The first part (or last part, depending which loop you were on) was flat, 7 miles-ish, along the levee, completely exposed. It was very pretty, but when you're in pain, pretty only gets you so far. "Those flowers are lovely, but oh my god, my toenails are killing me!"
Then you head into "Jurassic Park" where there were technical, single track trails, and TONS of swamps. I mean, running through water that was at least ankle-high and sometimes as much as mid-thigh. Yum. I tried not to think about snakes and alligators and when it got too lonely in there, I'd talk to scare away the beasts. Many parts of the swamp were impossible to run in because of floating logs and other debris. My friend Jessica who I ran the first loop with (and who had also paced me at Cajun Coyote 100 Miler) smashed her shin really hard in the swamp and ended up limping to an early finish. The last loop, this section was especially difficult because I was so tired I could barely lift my legs and kept smashing my sore toes and sore toenails into logs and other things. Ow. Also, because of running through so much sand (which was on the bottom of the swamps) and mud, I literally had to stop each loop, remove my socks, turn them inside out and dump the sand/mud combo out, remove my shoe insoles, scrape them as clean as I could get them, then scoop out any remnants out of my sneakers. This didn't always work as good and the sand/mud buildup would chill just below the pad of my feet and became very painful. Tears-in-my-eyes-painful. And yes, people, I was wearing gaiters. It was that bad.

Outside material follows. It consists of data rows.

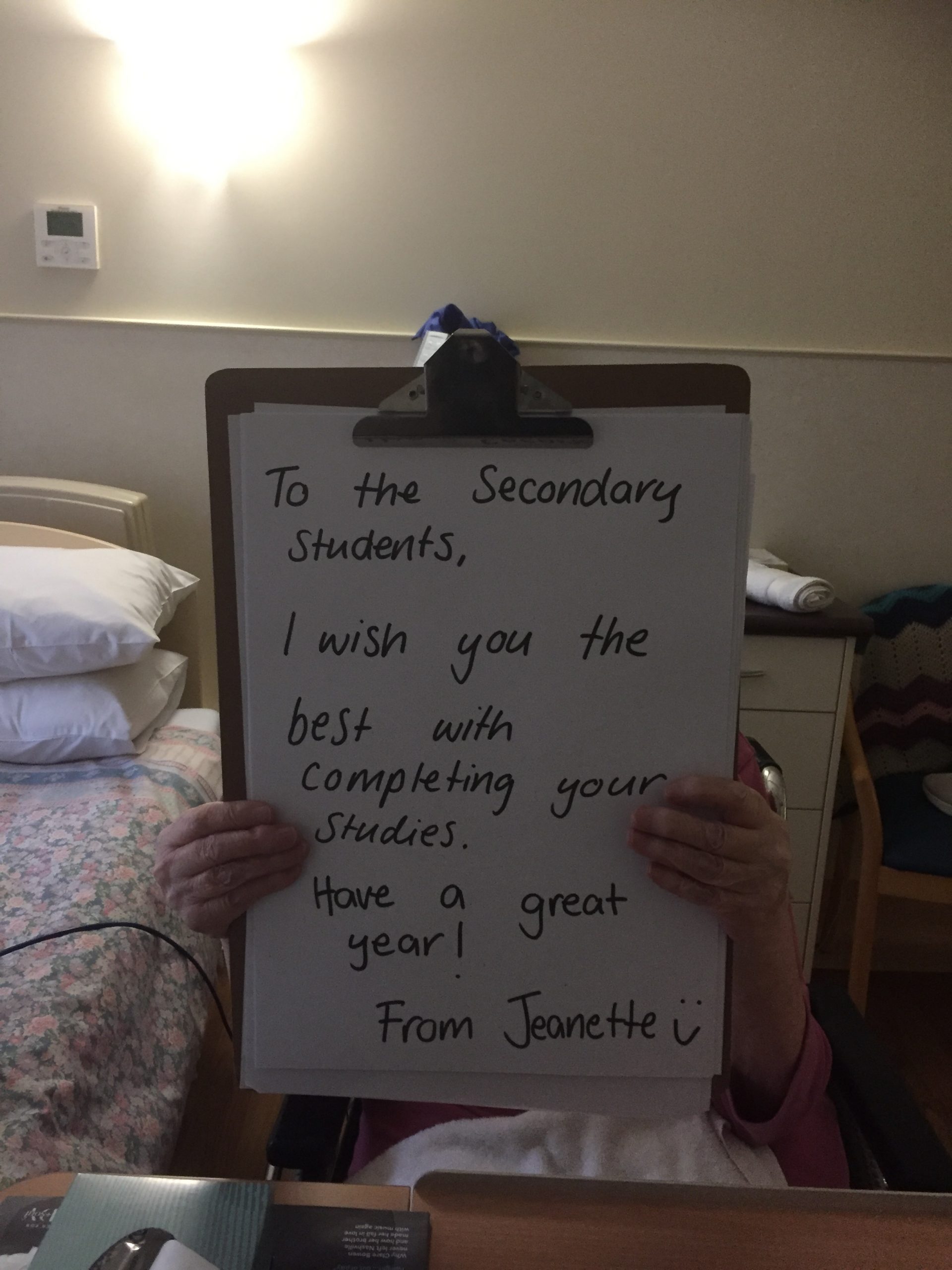 Jeanette, a resident, is obscured behind a large clipboard she is holding, which has a personal message written on it which reads "To the Secondary Students, I wish you the best with completing your studies. Have a great year! From Jeanette"
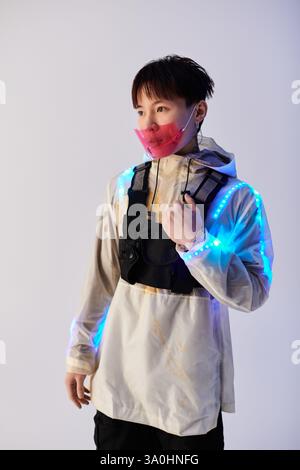Ein stilvoller junger asiatischer Mann zeigt selbstbewusst ein Outfit mit LED-Akzenten. Stockfoto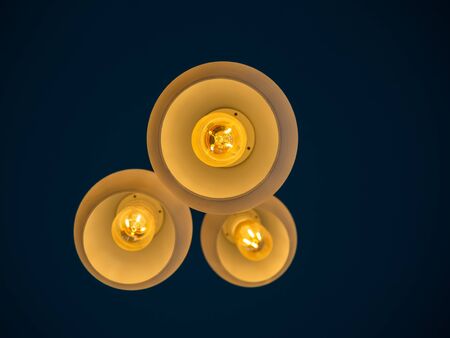 Three round modern ceiling lights hanging from ceiling from bottom view in dark blue room.の写真素材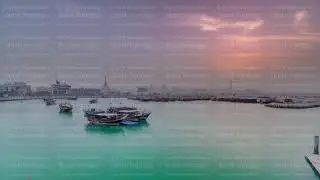 Sunset at Doha Bay timelapse with Traditional Wooden Dhow Fishing Boats.
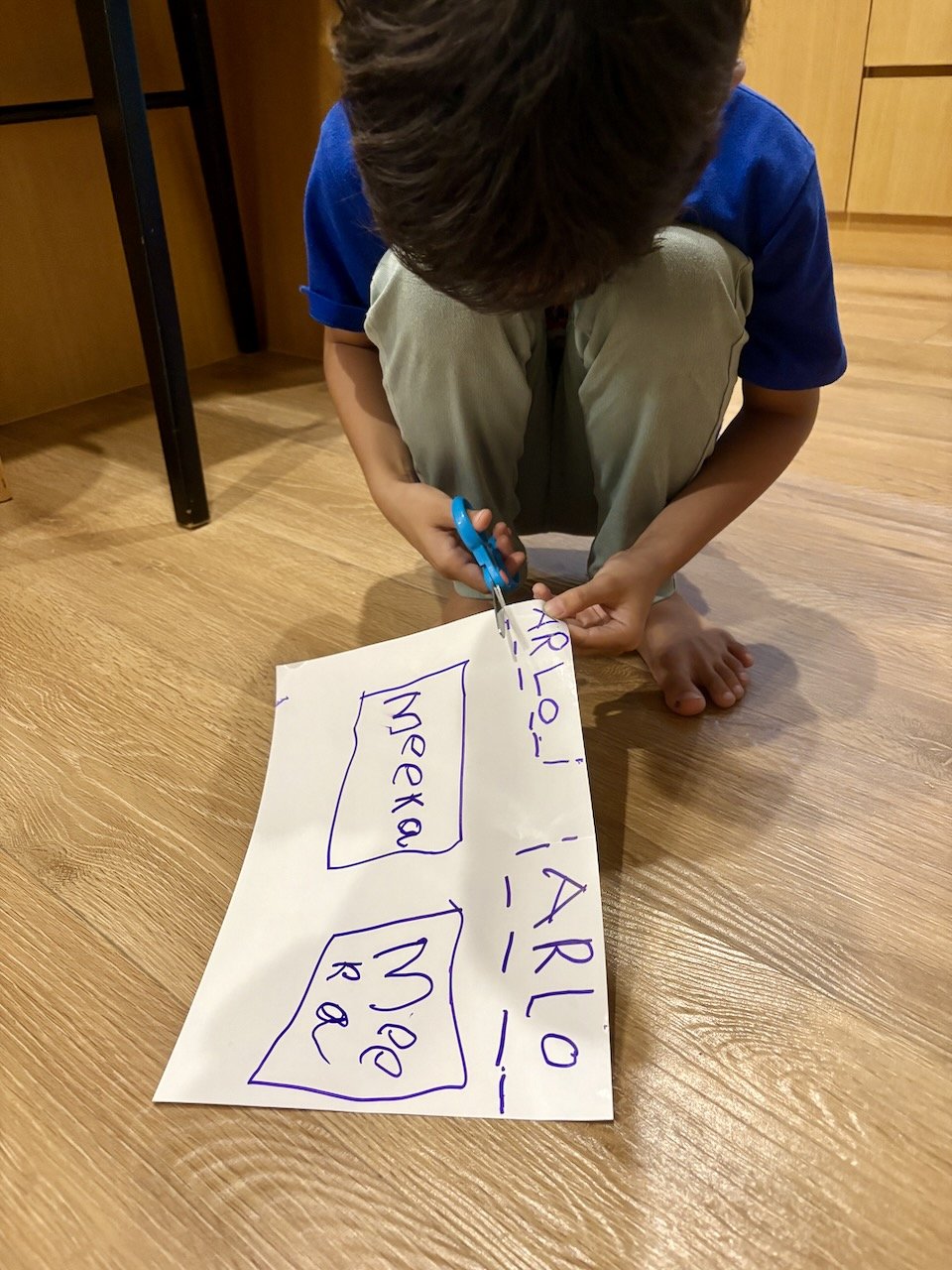 So Arlo's making the name labels himself.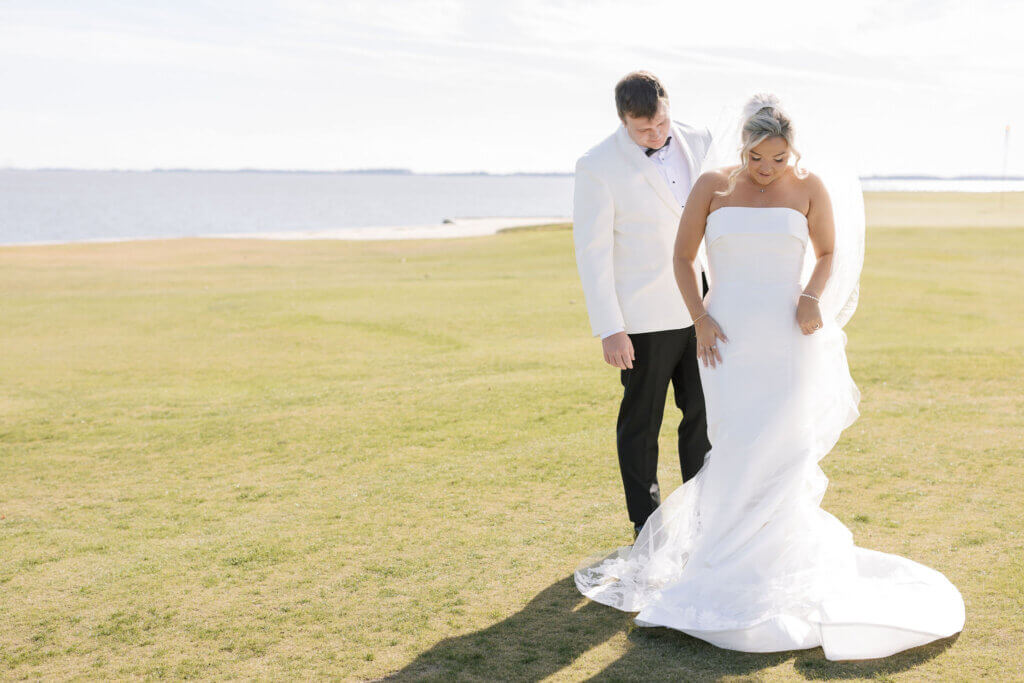 The bride and groom share vow books during their first look at The Rehoboth beach Country Club.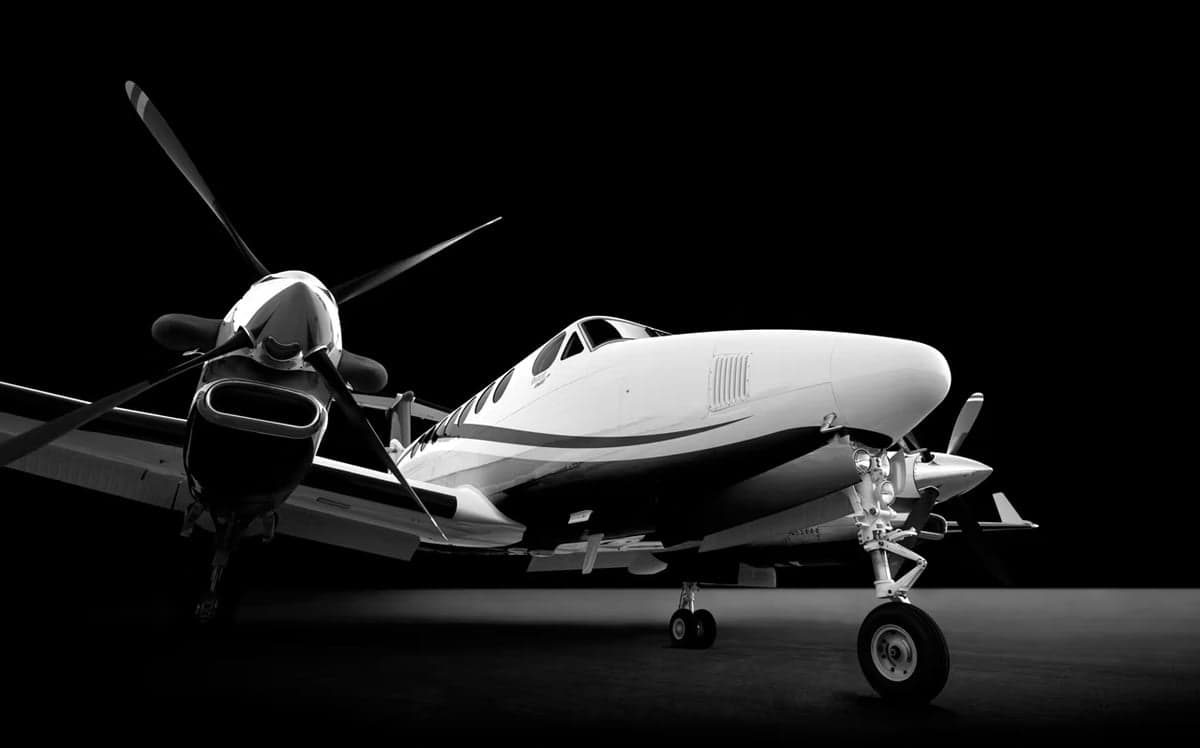 A King Air turboprop aircraft in a studio setting.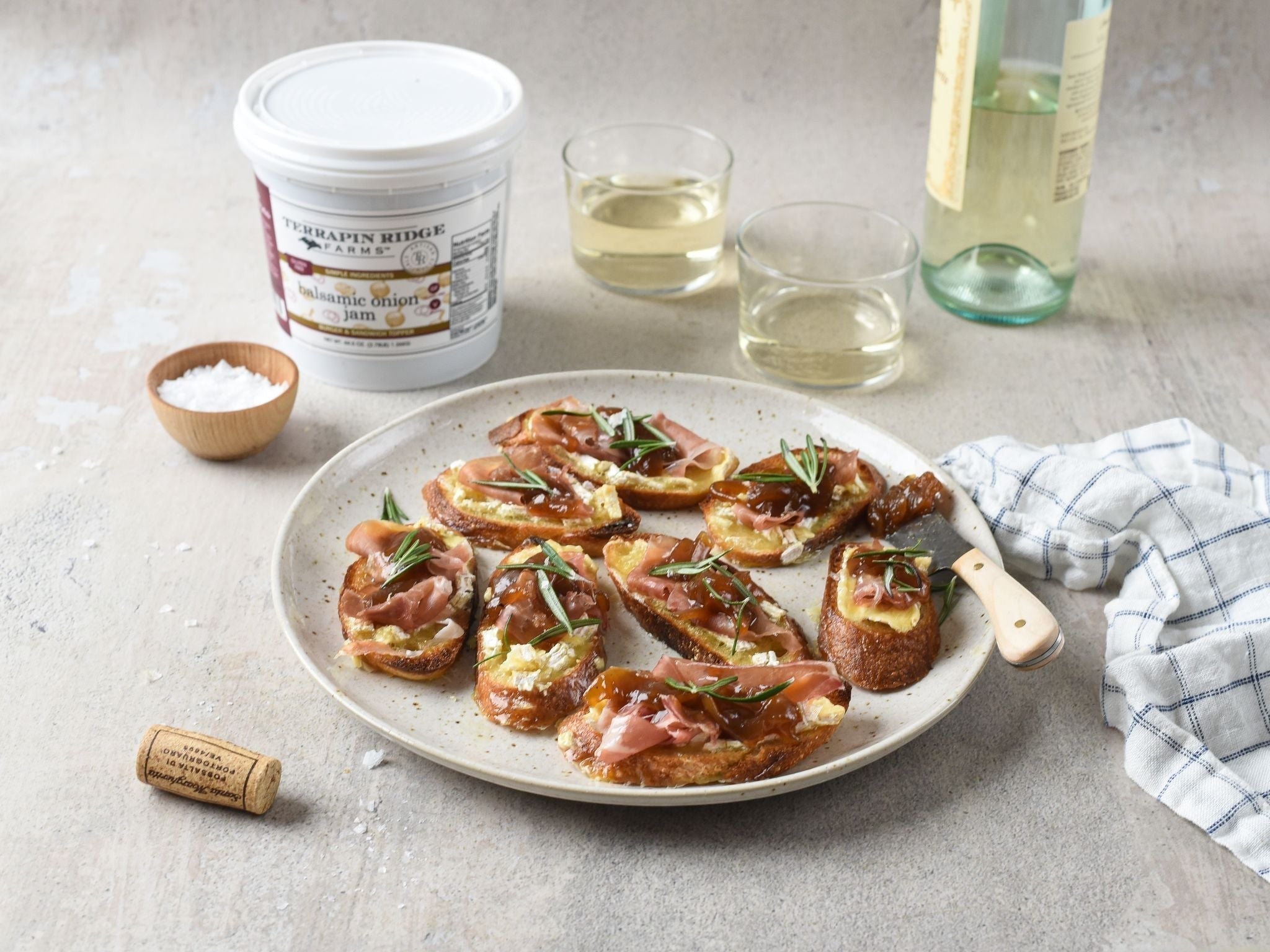 Prosciutto and cheese crostini with white wine and Balsamic Onion Jam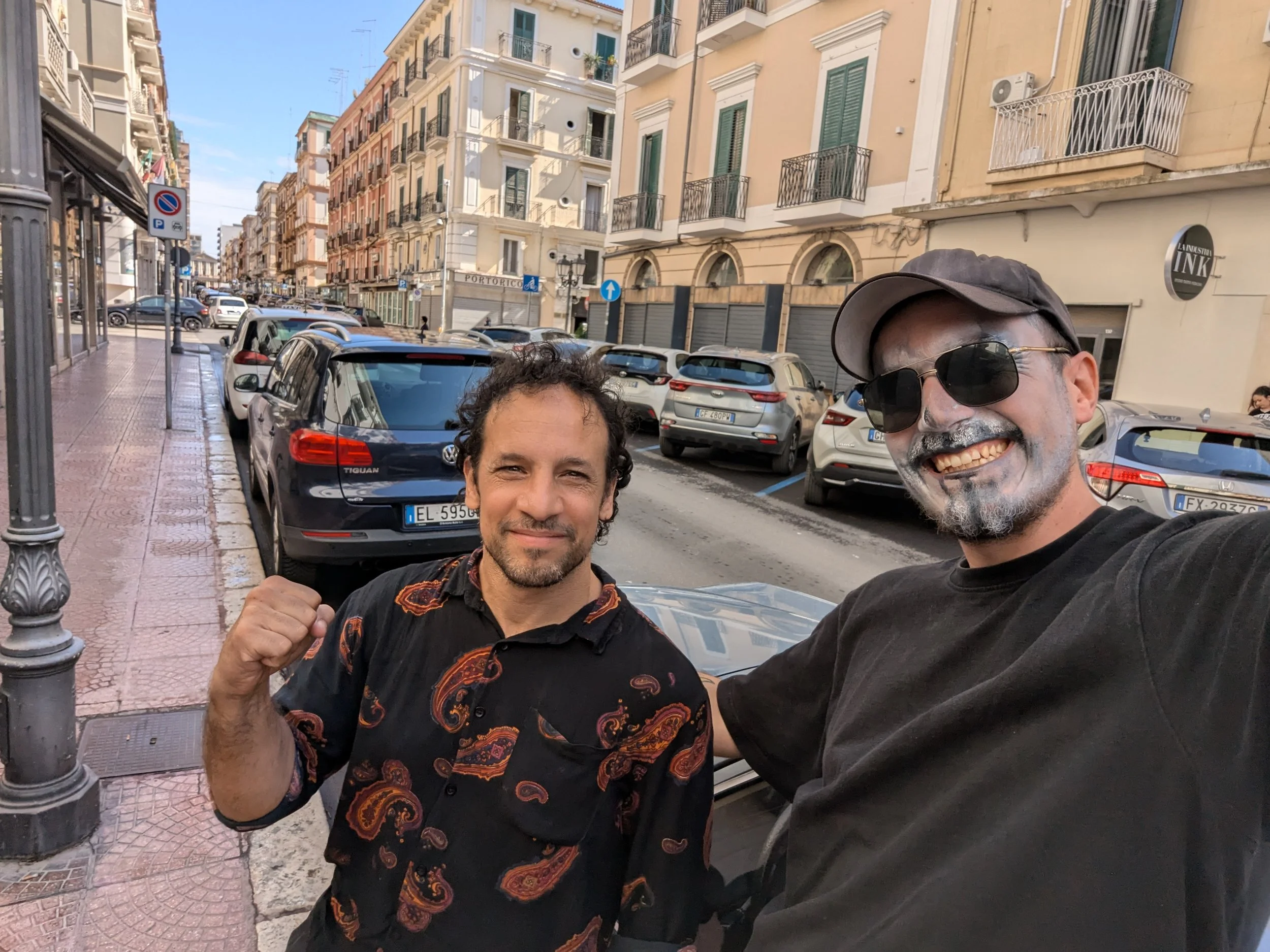 Two men taking a selfie on a city street with parked cars and multi-story buildings in the background. One man is wearing a black shirt with a colorful pattern, and the other is wearing sunglasses, a cap, and a black t-shirt. One is making a fist gesture.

Finally, the last section was again along the levee, on the other side, with a small bridge-crossing back to the start. And then you went back out the other way.
The aid stations had some of the friendliest, funniest volunteers I've met at any ultra. They insisted upon taking some of the most unflattering photos known to humankind, gave me cups of delicious gatorade, teased me, laughed. I told one of the volunteers I lost my toenail and he promised to keep an eye out for it. When I saw him a little later, he yelled at me across the levee, "I've been looking for that toenail, but I still can't find it!"
I started my race out at a decent clip, sub-9:30 miles, which doesn't sound too fast to a lot of my friends, but for an ultra, that's fairly good. Jessica and I chatted, laughed, told stories about our Burns, what happened in our lives. We suffered through the swamp for the first time together - I loved it, and used the opportunity to pass a lot of people. Some people can't seem to run in a swamp, for whatever reason. Hmmmm. Anyway, maybe it's the fact that my first ultra had abt 4-5 miles of brook running (though that was heaps harder, but I had a blast in this section, until the last loop, when my toes and toenails started mutinying.
After the first loop, Jessica and I separated, and I primarily ran alone the rest of the race. No worries, I had plenty going on in my head to amuse me.
Aid station stops were kept brief, water filled up, a cup of gatorade, maybe a handful of pretzels. I ate mainly gels - lots and lots of gels.
I felt better than I had and when I realized I was in first place, I pushed it. I haven't won races very often, but oh, how I wanted this. How I wanted to win. My mantra was, "The faster you run, the sooner the pain is done" (adding that pain b/c OW, but also was "First place." It's weird, it's not like I got a prize or anything....but I still felt the need to get this. It wasn't like I was mean competitive, I was still talking and chilling and having fun. It just gave me a push. And people in the swamp were so nice, "You're in first place." I responded, "Yeah but I'm WET." "And I'm muddy." It was a lot of fun.
I had so much fun at the race - the people, the pretty trails, the palms, the water...and after, chilling, exchanging the ultra goss, talking with a guy who ran his first 50k (but had only ran 6 miles before that!), I knew that I'd be back.